Republican presidential rivals Donald Trump and Jeb Bush were just 15 miles apart as they traded direct jabs and insults in a town hall showdown in New Hampshire Wednesday evening.

About 150 people showed up to Bush's town hall at the state's historic Merrimack VFW hall. Whereas Trump held his first town hall meeting in front of a packed out theatre at the Pinkerton Academy, which can hold up to 900 people. There were also hundreds of people waiting to see him in an overflow room, reports The Boston Globe.

Rather than displaying his typical low-key demeanor, Bush adopted a more aggressive tone at his town hall and attacked Trump's record as a conservative.

"Mr. Trump doesn't have a proven conservative record. He was a Democrat longer in the last decade than he was a Republican," said Bush, who is polling in second place in New Hampshire and across the nation in the Republican race, reports CNN.

Bush also pointed out that not "that long ago" Trump was advocating to tax wealthy people who own more than $10 million in assets.

"That's not a conservative value in my mind," Bush said. "He was for a single-payer system for health care until very recently. Not a very conservative point of view."

The former Florida governor said, "Trump has clearly got talent, there's no denying that, but when people look at his record, it is not a conservative record -- even on immigration, where it's, you know, look, the language is pretty vitriolic for sure. But hundreds of billions of dollars of costs to implement his plan is not a conservative plan."
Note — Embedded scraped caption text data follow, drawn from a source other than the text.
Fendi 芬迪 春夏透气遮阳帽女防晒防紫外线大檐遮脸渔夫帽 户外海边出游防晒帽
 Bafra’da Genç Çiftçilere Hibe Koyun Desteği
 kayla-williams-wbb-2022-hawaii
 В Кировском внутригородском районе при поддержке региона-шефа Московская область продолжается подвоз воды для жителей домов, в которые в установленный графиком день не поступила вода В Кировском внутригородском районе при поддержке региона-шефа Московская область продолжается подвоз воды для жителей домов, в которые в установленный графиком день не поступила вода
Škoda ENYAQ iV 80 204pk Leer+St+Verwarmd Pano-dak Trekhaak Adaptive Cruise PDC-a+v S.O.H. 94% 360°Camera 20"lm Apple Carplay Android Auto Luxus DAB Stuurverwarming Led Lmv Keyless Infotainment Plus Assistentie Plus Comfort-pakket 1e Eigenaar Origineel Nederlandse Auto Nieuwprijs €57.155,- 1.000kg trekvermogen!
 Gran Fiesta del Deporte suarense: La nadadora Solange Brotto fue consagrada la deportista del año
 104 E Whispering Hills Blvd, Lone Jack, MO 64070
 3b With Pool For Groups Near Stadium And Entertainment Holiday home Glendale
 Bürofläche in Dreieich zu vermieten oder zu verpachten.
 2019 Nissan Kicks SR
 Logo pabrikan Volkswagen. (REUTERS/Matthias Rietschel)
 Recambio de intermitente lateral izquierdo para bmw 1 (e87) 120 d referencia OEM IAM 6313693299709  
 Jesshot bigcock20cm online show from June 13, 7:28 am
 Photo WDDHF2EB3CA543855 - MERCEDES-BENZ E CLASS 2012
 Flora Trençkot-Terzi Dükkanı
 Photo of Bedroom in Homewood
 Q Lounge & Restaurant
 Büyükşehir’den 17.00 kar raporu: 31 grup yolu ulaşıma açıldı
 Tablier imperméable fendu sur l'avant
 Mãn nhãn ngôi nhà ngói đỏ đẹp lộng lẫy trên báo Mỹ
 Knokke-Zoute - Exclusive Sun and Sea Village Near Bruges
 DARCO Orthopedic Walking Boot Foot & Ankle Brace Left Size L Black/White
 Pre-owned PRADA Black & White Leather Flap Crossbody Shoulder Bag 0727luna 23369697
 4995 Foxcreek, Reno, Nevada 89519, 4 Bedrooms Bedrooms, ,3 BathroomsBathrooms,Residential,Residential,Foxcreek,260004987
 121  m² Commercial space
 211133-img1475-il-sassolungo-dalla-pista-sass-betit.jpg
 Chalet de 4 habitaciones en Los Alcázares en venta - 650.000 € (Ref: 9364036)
Meanwhile, Trump took several jabs at Bush.

"I don't see how he's electable," Trump said of Bush to reporters. "Jeb Bush is a low energy person. For him to get things done is hard. He's very low energy."

Later on, the GOP frontrunner mocked Bush's town hall, saying, "You know what is happening to Jeb's crowd right down the street? They're sleeping."

"He was supposed to do well in New Hampshire? He's going down like a rock," Trump added as the crowd laughed.